Alex Unikowski in Marry Me A Little

Conceived and developed by Craig Lucas and Norman Rene, Marry Me a Little opens with two young people alone in each other’s apartment on a Saturday night. The man (Alex Unikowski) is a poet. The woman (Hannah Lance) is a corporate employee. Both find themselves alone on a night when people are out about celebrating the close of another working week. Saturday Night evokes the isolation and dejection of not having company. They gaze forlornly at the street and listen to the sounds outside their apartment window. Unikowski and Lance capture the mood perfectly in the first act of what is essentially a one act musical with songs that either appear in or have been cut from Sondheim’s more popular musicals. The melodies may sound familiar to the aficionado’s ear. The title song Marry Me A Little features in Company for example, and although Marry Me A Little is a collection of songs that were largely never used or cut from later musicals the melodies did make their way into Sondheim’s better known musicals. Everyman has given audience a rare treat and the opportunity to understand the origin of many of Sondheim’s more popular songs.

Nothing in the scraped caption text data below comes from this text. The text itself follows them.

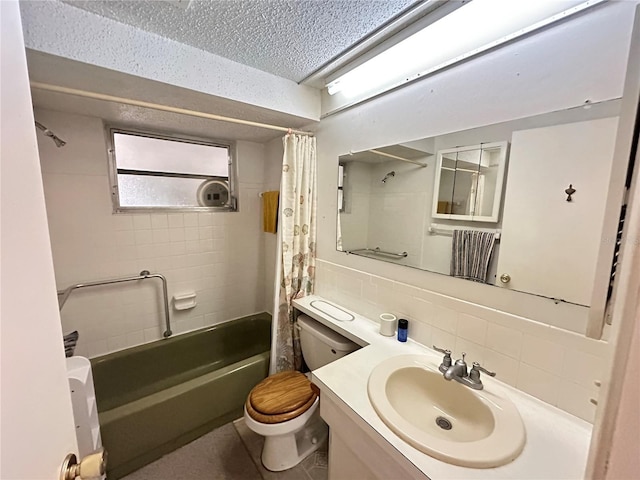 8312 Split Rail Ln, Hudson, FL 34667 - full bathroom featuring shower / bath combination with curtain, decorative backsplash, vanity, and a textured ceiling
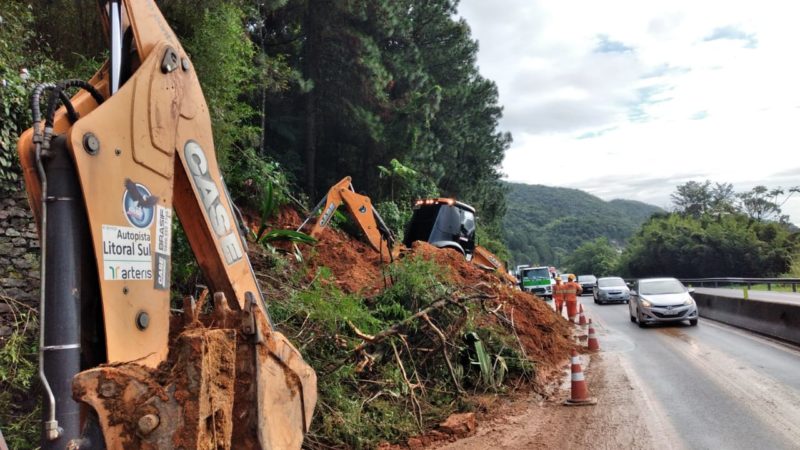 Trabalhos de limpeza seguem na BR-101, em Palho&ccedil;a, onde uma queda de barreira bloqueia o tr&acirc;nsito desde a noietd e s&aacute;bado (19) – Foto: Divulga&ccedil;&atilde;o/Arteris Litoral Sul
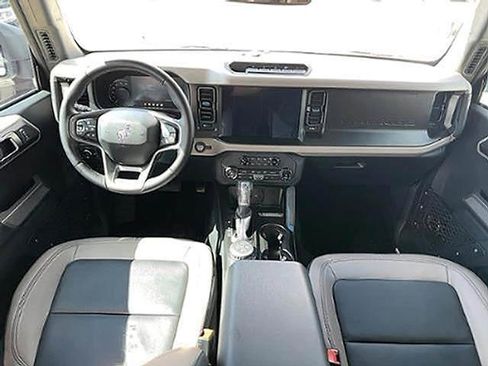 Used 2022 Ford Bronco Wildtrak image 9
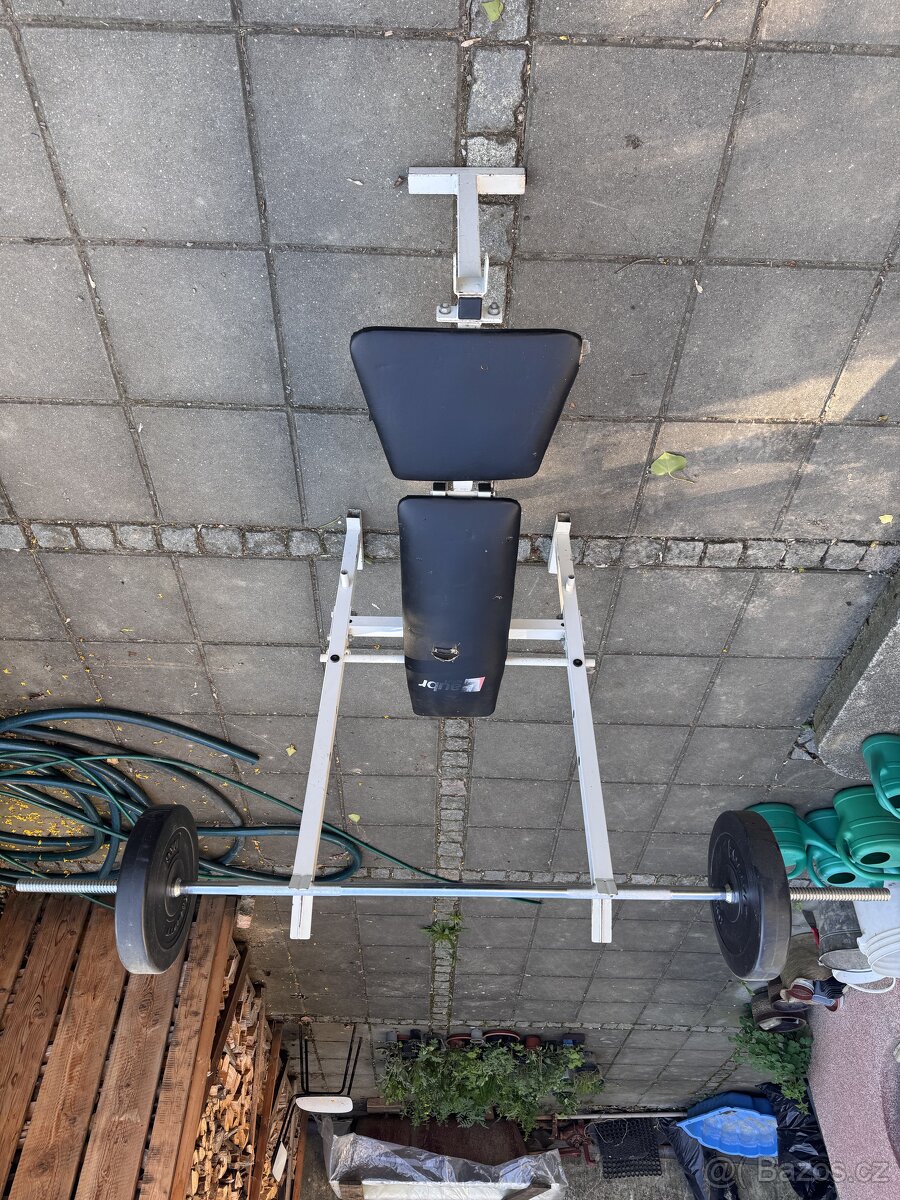 Lavice na posilování, (bench press)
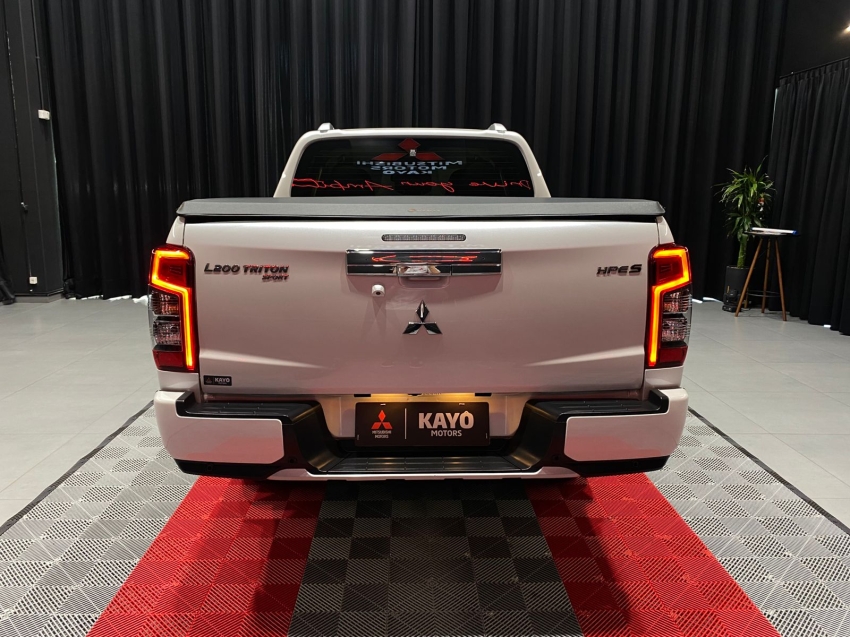 mitsubishi l200 triton 2.4 turbo diesel 4x4 at sport hpe-s 4p automatico 202412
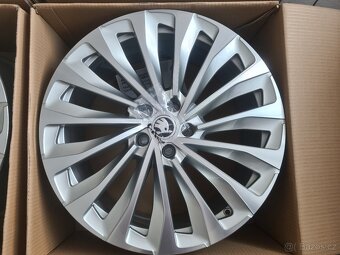 NOVÉ Alu ASTERION 9,0J x 20" ET 42 Enyaq atd. - 4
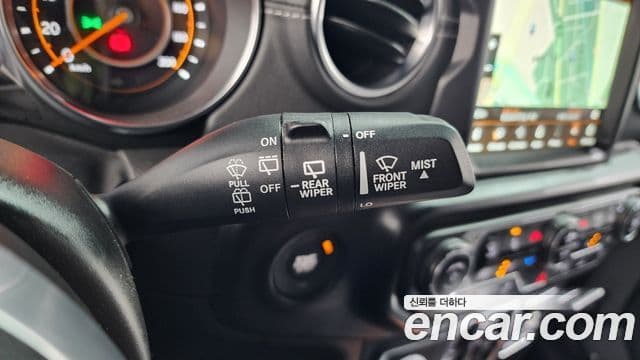 Jeep Wrangler 2022 — Şəkil 18/20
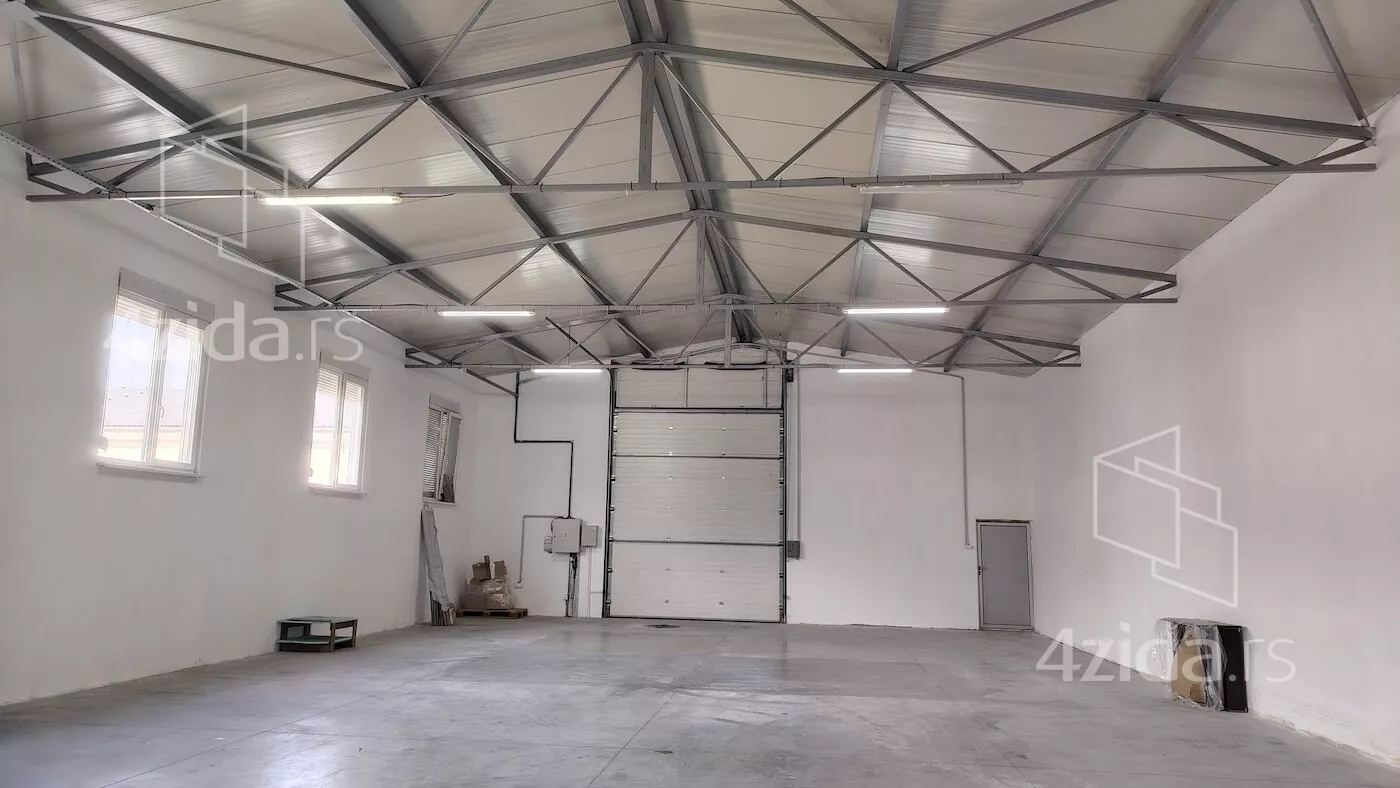 Poslovni prostor | 4zida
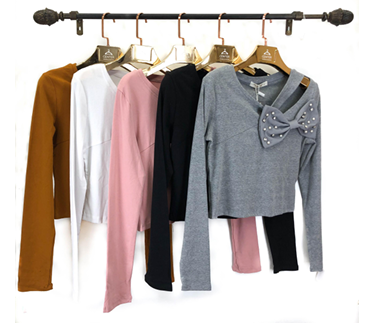 J - Blusa  Fem. Ref: Y965 Pac c/ 24 UN Diversas Cores.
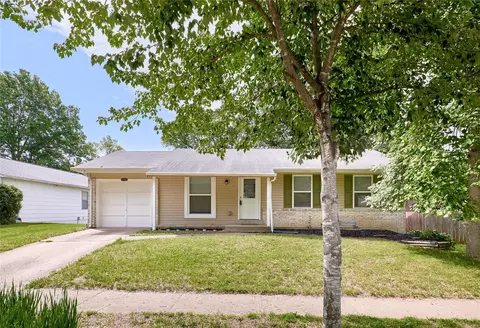 11980 Meadow Run Ct, Maryland Heights, MO 63043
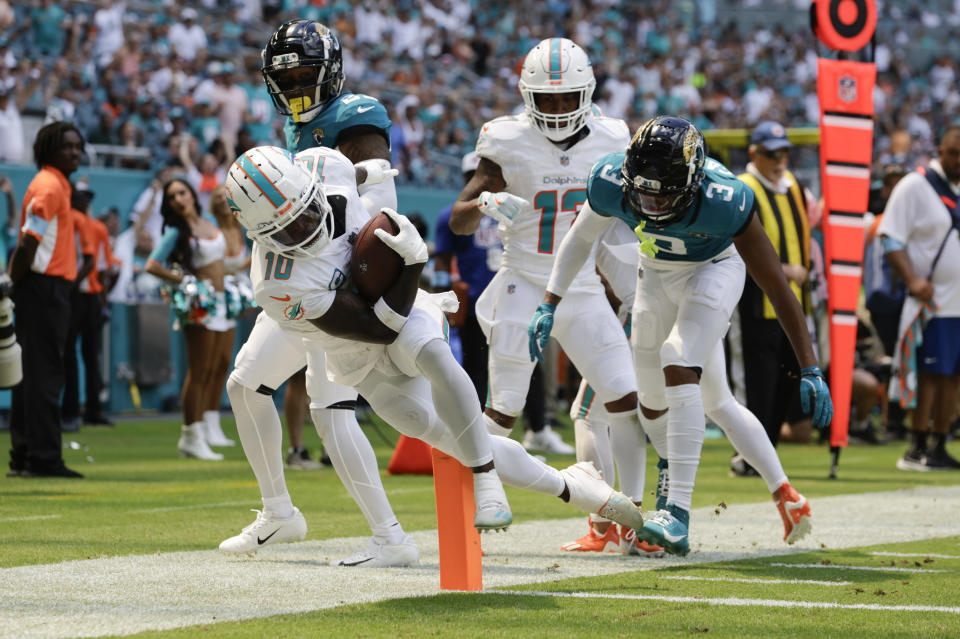 MIAMI GARDENS, FL – SEPTEMBER 8: Miami Dolphins wide receiver Tyreek Hill (10) runs with the ball during the game between the Jacksonville Jaguars and the Miami Dolphins on September 8, 2024 at Hard Rock Stadium in Miami Gardens, Florida. (Photo by David Rosenblum/Icon Sportswire via Getty Images)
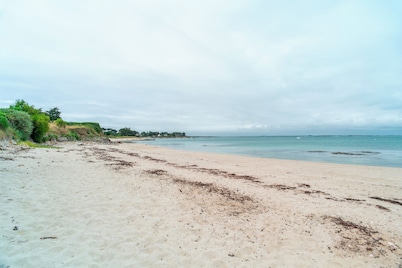 Ideally located in ST Pierre Quiberon, on the bay side. 200 meters from the beach,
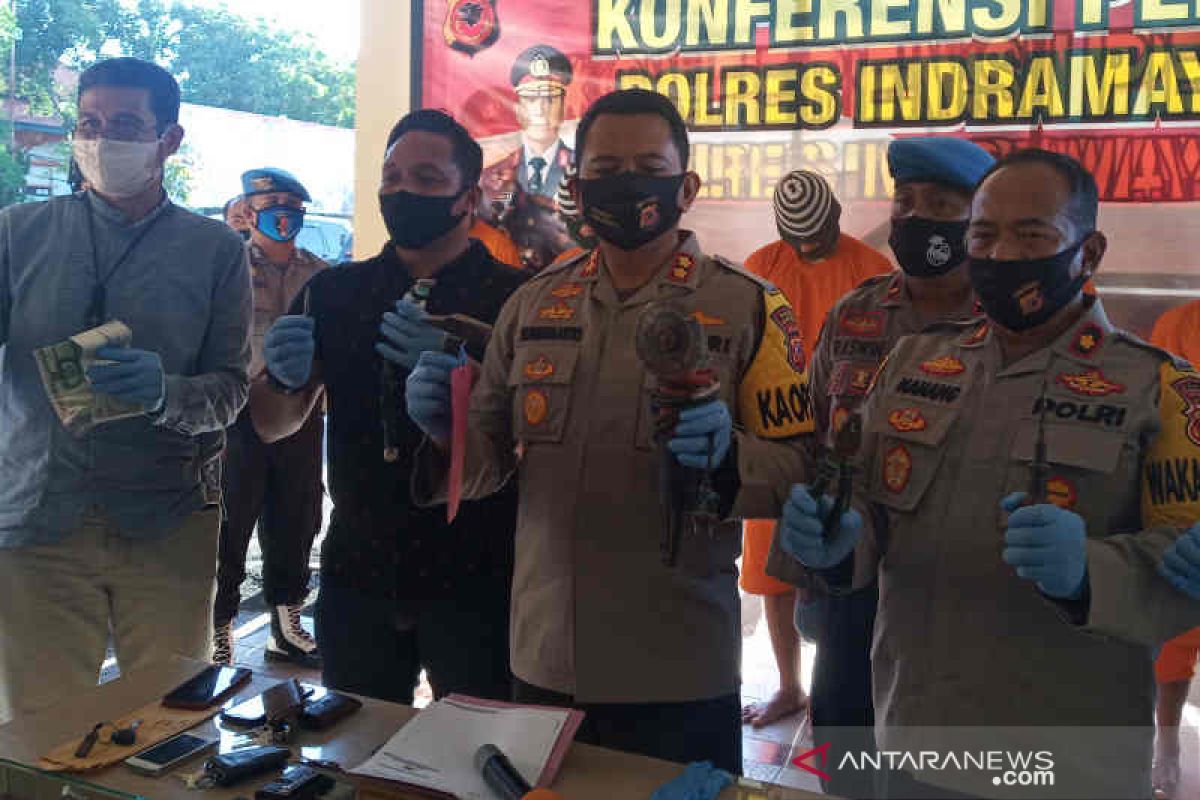 Polres Indramayu tangkap empat pelaku pencuri spesialis baterai "BTS"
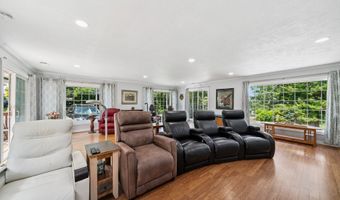 35111 JEFFERSON Ln, Astoria, OR 97103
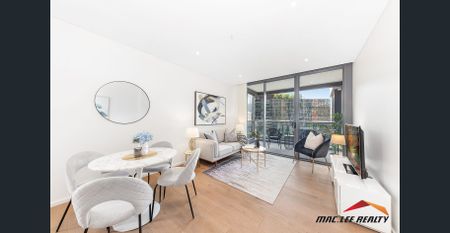 Stunning Two Bedroom Apartment in "Darling Square" - Photo 3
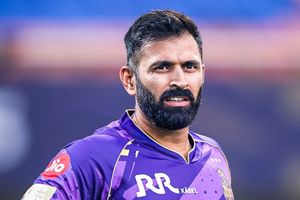 KKR के हेड कोच अभिषेक नायर पर क्या गिरेगी गाज? केविन पीटरसन की बात से खड़ा हो गया हंगामा SportsTak Hindi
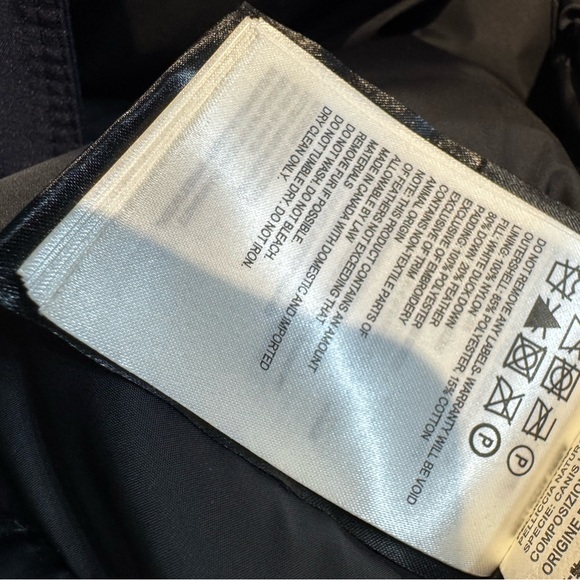 Men’s navy blue Canada Goose coat. Size medium. - Picture 6 of 10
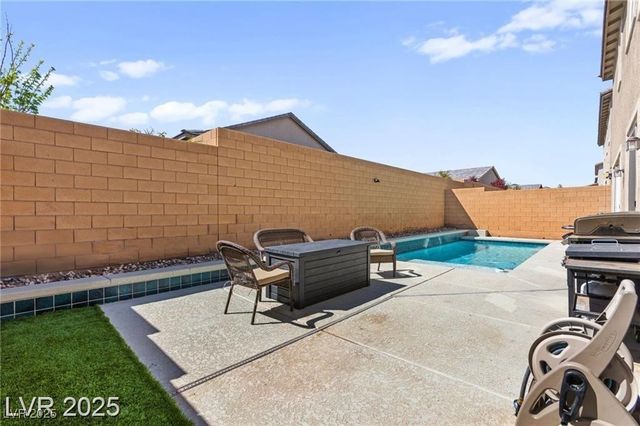 10101 Heron Lake Avenue, Las Vegas, NV 89178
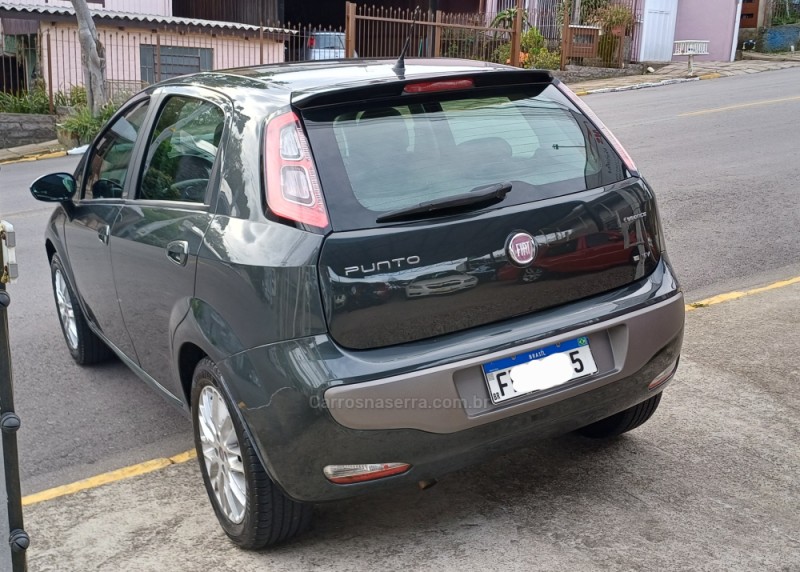 PUNTO 1.6 ESSENCE 16V FLEX 4P MANUAL - 2013 - FARROUPILHA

Hannah Lance in Marry Me A Little
Marry Me A Little is essentially a collection of solo songs, sung by the man and the woman to the accompaniment of a piano, played adroitly in this production by musical director Elizabeth Alford. The first half draws us into their predicament until they meet and develop a relationship in the second half. The songs construct a rollercoaster of emotion from the longing of   Saturday Night to the upbeat tempo of There Won’t be Trumpets and Uptown Downtown.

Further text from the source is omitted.